It forwards traffic between two networks only when its source and
destination are on different networks.</para>
<para>In many respects, a bridge is like an Ethernet switch with very
few ports.</para>
</sect2>
<sect2>
<title>Situations Where Bridging Is Appropriate</title>
<para>There are two common situations in which a bridge is used
today.</para>
<sect3>
<title>High Traffic on a Segment</title>
<para>Situation one is where your physical network segment is
overloaded with traffic, but you do not want for whatever reason to
subnet the network and interconnect the subnets with a
router.</para>
<para>Let us consider an example of a newspaper where the Editorial and
Production departments are on the same subnetwork. The Editorial
users all use server A for file service, and the Production users
are on server B. An Ethernet is used to connect all users together,
and high loads on the network are slowing things down.</para>
<para>If the Editorial users could be segregated on one network
segment and the Production users on another, the two network
segments could be connected with a bridge. Only the network traffic
destined for interfaces on the <quote>other</quote> side of the bridge would be
sent to the other network, reducing congestion on each network
segment.</para>
</sect3>
<sect3>
<title>Filtering/Traffic Shaping Firewall</title>
<indexterm><primary>firewall</primary></indexterm>
<indexterm><primary>IP Masquerading</primary></indexterm>
<para>The second common situation is where firewall functionality is
needed without IP Masquerading (NAT).</para>
<para>An example is a small company that is connected via DSL or ISDN
to their ISP. They have a 13 globally-accessible IP addresses
from their ISP and have 10 PCs on their network. In this situation, using a
router-based firewall is difficult because of subnetting
issues.</para>
<indexterm><primary>router</primary></indexterm>
<indexterm><primary>DSL</primary></indexterm>
<indexterm><primary>ISDN</primary></indexterm>
<para>A bridge-based firewall can be configured and dropped into the
path just downstream of their DSL/ISDN router without any IP
numbering issues.</para>
</sect3>
</sect2>
<sect2>
<title>Configuring a Bridge</title>
<sect3>
<title>Network Interface Card Selection</title>
<para>A bridge requires at least two network cards to function.

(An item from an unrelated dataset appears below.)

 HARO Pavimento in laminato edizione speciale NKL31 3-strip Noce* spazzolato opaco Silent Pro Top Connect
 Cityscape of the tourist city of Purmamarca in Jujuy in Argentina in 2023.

Unfortunately, not all network interface cards as of FreeBSD&nbsp;4.0
support bridging. Read &man.bridge.4; for details on the cards that
are supported.</para>
<para>Install and test the two network cards before continuing.</para>
</sect3>
<sect3>
<title>Kernel Configuration Changes</title>
<indexterm><primary>kernel configuration</primary></indexterm>
<indexterm>
<primary>kernel configuration</primary>
<secondary>options BRIDGE</secondary>
</indexterm>
<para>To enable kernel support for bridging, add the:</para>
<programlisting>options BRIDGE</programlisting>
<para>statement to your kernel configuration file, and rebuild your
kernel.</para>
</sect3>
<sect3>
<title>Firewall Support</title>
<indexterm><primary>firewall</primary></indexterm>
<para>If you are planning to use the bridge as a firewall, you will
need to add the <varname>IPFIREWALL</varname> option as well. Read <xref
linkend="firewalls"> for general information on configuring the
bridge as a firewall.</para>
<para>If you need to allow non-IP packets (such as ARP) to flow
through the bridge, there is an undocumented firewall option that
must be set. This option is
<literal>IPFIREWALL_DEFAULT_TO_ACCEPT</literal>. Note that this
changes the default rule for the firewall to accept any packet.

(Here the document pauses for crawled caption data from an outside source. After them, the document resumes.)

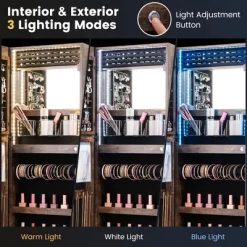 Tangkula LED Mirror Jewelry Cabinet Wall/Door Mounted Organizer Armoire W/ 3 Color Light -Tangkula GUEST bbb63d47 1528 411d a77b bf80be2720e9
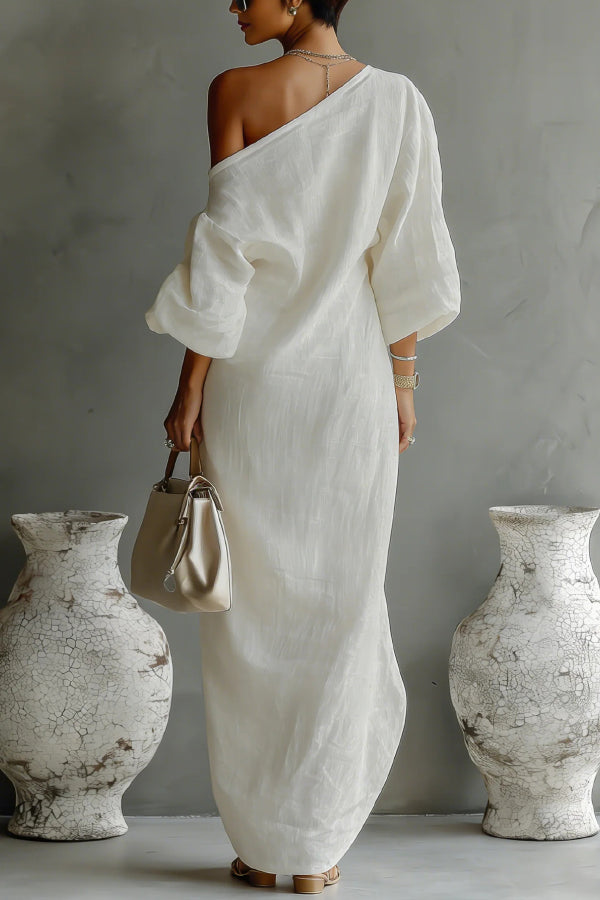 Linen Blend Loose-fitting One-shoulder Lantern Sleeve Casual Pocket Maxi Dress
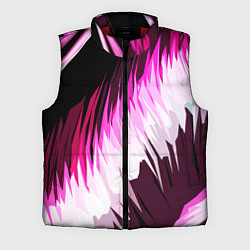 Мужской жилет Бело-розовые острые полосы на чёрном фоне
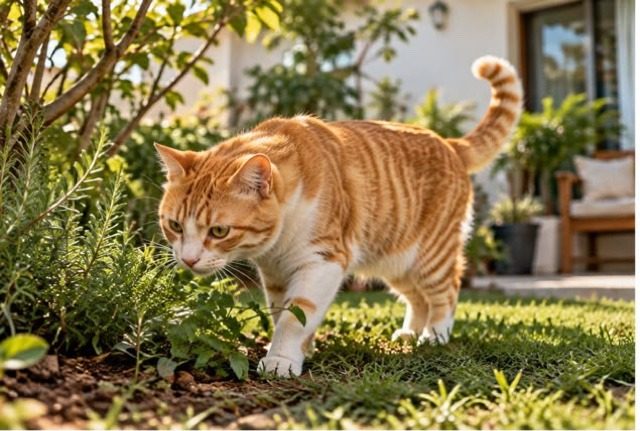 Gato laranja explorando o jardim e cheirando plantas em um quintal residencial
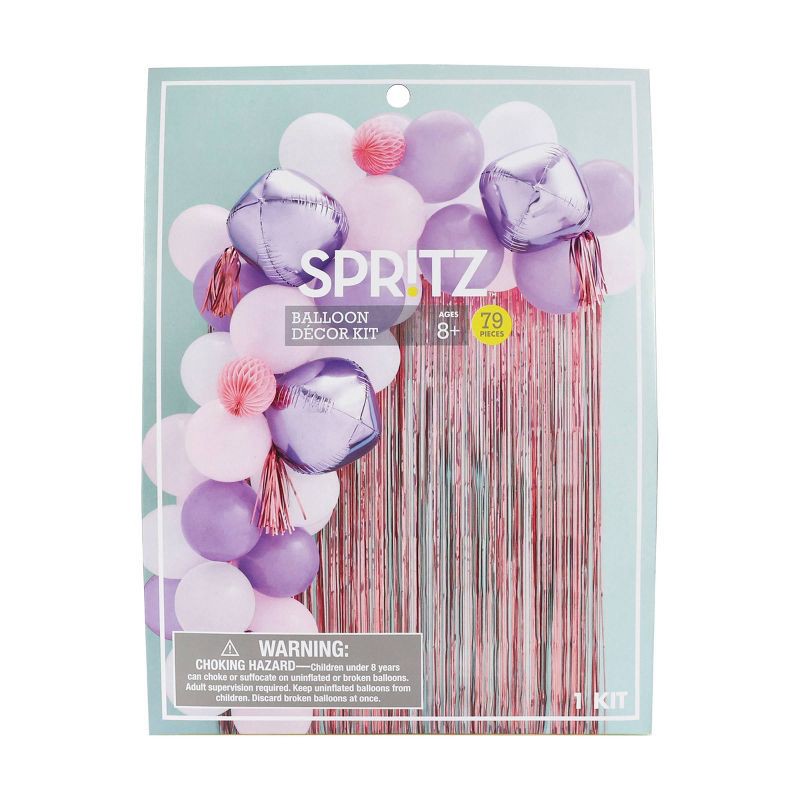 slide 1 of 3, 54ct Large Balloons Arch with Backdrop Pink/Purple/Lavender - Spritz™, 54 ct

Make sure you know how this changes the meaning of your ruleset
before you set it.</para>
</sect3>
<sect3>
<title>Traffic Shaping Support</title>
<para>If you want to use the bridge as a traffic shaper, you will need
to add the <literal>DUMMYNET</literal> option to your kernel
configuration. Read &man.dummynet.4; for further
information.</para>
</sect3>
</sect2>
<sect2>
<title>Enabling the Bridge</title>
<para>Add the line:</para>
<programlisting>net.link.ether.bridge=1</programlisting>
<para>to <filename>/etc/sysctl.conf</filename> to enable the bridge at
runtime, and the line:</para>
<programlisting>net.link.ether.bridge_cfg=<replaceable>if1</replaceable>,<replaceable>if2</replaceable></programlisting>
<para>to enable bridging on the specified interfaces (replace <replaceable>if1</replaceable> and
<replaceable>if2</replaceable> with the names of your two network interfaces). If you want the
bridged packets to be filtered by &man.ipfw.8;, you should add:</para>
<programlisting>net.link.ether.bridge_ipfw=1</programlisting>
<para>as well.</para>
</sect2>
<sect2>
<title>Performance</title>
<para>My bridge/firewall is a Pentium 90 with one 3Com 3C900B and one
3C905B. The protected side of the network runs at 10&nbsp;mbps half duplex
and the connection between the bridge and my router (a Cisco 675) runs
at 100&nbsp;mbps full duplex. With no filtering enabled, I have found that
the bridge adds about 0.4&nbsp;milliseconds of latency to pings from the
protected 10&nbsp;mbps network to the Cisco 675.</para>
</sect2>
<sect2>
<title>Other Information</title>
<para>If you want to be able to telnet into the bridge from the network,
it is OK to assign one of the network cards an IP address. The
consensus is that assigning both cards an address is a bad
idea.</para>
<para>If you have multiple bridges on your network, there cannot be more
than one path between any two workstations. Technically, this means
that there is no support for spanning tree link management.</para>
</sect2>
</sect1>
<sect1 id="nfs">
<sect1info>
<authorgroup>
<author>
<firstname>Tom</firstname>
<surname>Rhodes</surname>
<contrib>Reorganized and enhanced by </contrib>
</author>
</authorgroup>
<authorgroup>
<author>
<firstname>Bill</firstname>
<surname>Swingle</surname>
<contrib>Written by </contrib>
</author>
</authorgroup>
</sect1info>
<title>NFS</title>
<indexterm><primary>NFS</primary></indexterm>
<para>Among the many different filesystems that FreeBSD supports is
the Network File System, also known as <acronym>NFS</acronym>.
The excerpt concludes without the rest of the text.